For robbing and killing 62-year-old Madam Kanne Lactmy, 51-year-old P Mageswaran was convicted of culpable homicide not amounting to murder and given a jail term of 18 years by the High Court.
Both the Prosecution and the Defence, however, were not satisfied with the sentence and continued to push for their respective positions on the appropriate jail term for Mageswaran as in the court below, even before the apex court of the land on Thursday (21 February).
The Prosecution was asking for the Court of Appeal – comprising Judge of Appeal Judith Prakash, Judge of Appeal Steven Chong and Justice Woo Bih Li – to jail Mageswaran for life, while the Defence argued that Mageswaran’s jail term should be significantly reduced; in particular, as he did not have the intention to kill Mdm Lactmy.
Mageswaran and Madam Lactmy were not strangers; the former used to work for the latter’s older son and attended their family gatherings. On the fateful day of 9 December 2013, Mageswaran went to Madam Lactmy’s flat in Yishun to borrow money. However, Madam Lactmy replied that she did not have that amount of money.
While Madam Lactmy went to brush her teeth, Mageswaran searched the flat and found a box containing jewellery and pawnshop tickets. He was caught red-handed by her, and he pleaded with her to give him the box, but she refused and threatened to call her son. As a result, he ended up suffocating her with a pillow using his right hand and strangled her with his left hand, thereby killing her.
Mageswaran, who lived in Johor Bahru around the period when the offence took place, was arrested a week later at Woodlands Checkpoint when he returned to Singapore. He was subsequently charged with culpable homicide not amounting to murder. Mageswaran never denied killing Madam Lactmy, but denied that he had the intention to do so, which would have meant that he could only face a jail term of up to 10 years by law, instead of up to 20 years or life imprisonment in culpable homicide cases where there is an intention to kill.
In May 2017, Justice Hoo Sheau Peng convicted Mageswaran as charged, finding that he had the intention to kill at the time of the offence. However, she disagreed with the Prosecution that Mageswaran should be jailed for life. Instead, after considering several sentencing guidelines and precedents, she sentenced Mageswaran to 18 years’ imprisonment in July 2017.
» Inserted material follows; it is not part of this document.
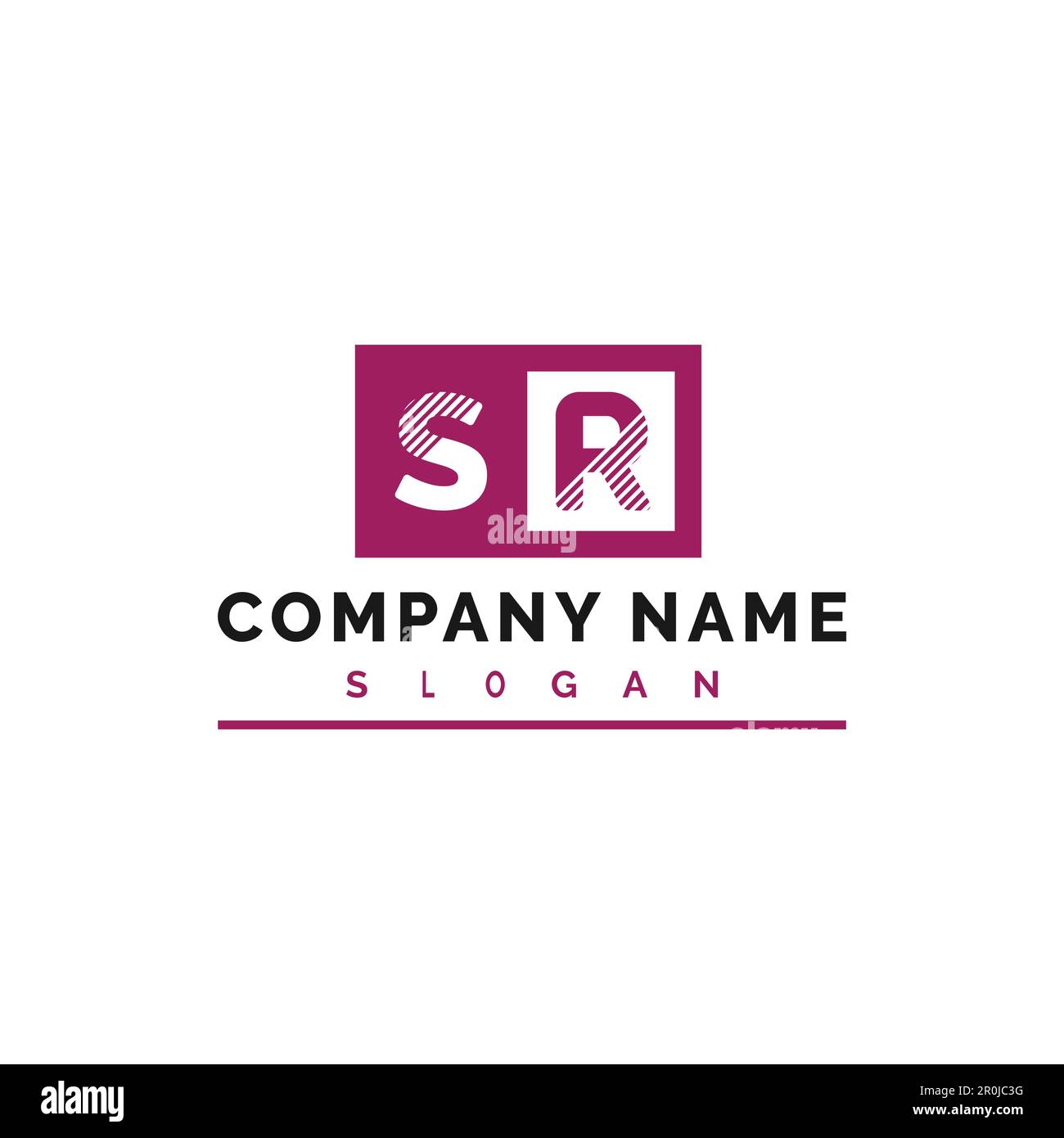 SR Logo Design. SR Letter Logo Vector Illustration - Vector Stock Vector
At the appeal hearing, Mr Derek Kang, Mageswaran’s lawyer, first argued that the evidence available had raised reasonable doubts as to whether Mageswaran had an intention to kill at the time of the offence. For instance, he pointed to the fact that Mageswaran left the flat and did not continue suffocating Madam Lactmy, even though she was still showing signs of life; this probably indicated a lack of intention to kill her.
As such, as Mr Kang submitted, Mageswaran could be said to only have the knowledge that his actions were likely to kill Madam Lactmy, such that Mageswaran could only be jailed for up to 10 years by law. Mr Kang also took the position, in response to Justice Woo’s query, that even if Mageswaran was found to have an intention to kill, or hurt Madam Lactmy in a way that was likely to kill her, the jail term of 18 years should still be reduced, relying on various sentencing precedents for culpable homicide cases.
Chief Prosecutor Kow Keng Siong, on behalf of the Prosecution, urged the court to set down guidelines as to when life imprisonment is appropriate in culpable homicide cases. He also argued that in such cases where there is an intention to kill, the starting point of the enquiry should be life imprisonment. In this regard, the motive of the accused and the manner in which the killing was carried out, were also relevant factors in the enquiry.
Justice Chong and Justice Woo expressed their philosophical views that, if the Prosecution had intended Mageswaran to be jailed for life, they could have charged Mageswaran for murder without an intention to kill and sought life imprisonment from the court much easier, instead of trying to forcefully classify the present case as one of the worst culpable homicide cases that justified life imprisonment as a punishment. This is due to the fact that life imprisonment is the minimum punishment for such a charge of murder.
At the conclusion of the two-hour hearing, the judges took a few minutes’ break before returning, where Justice Prakash announced that the court would reserve judgment and give its decision at a later date.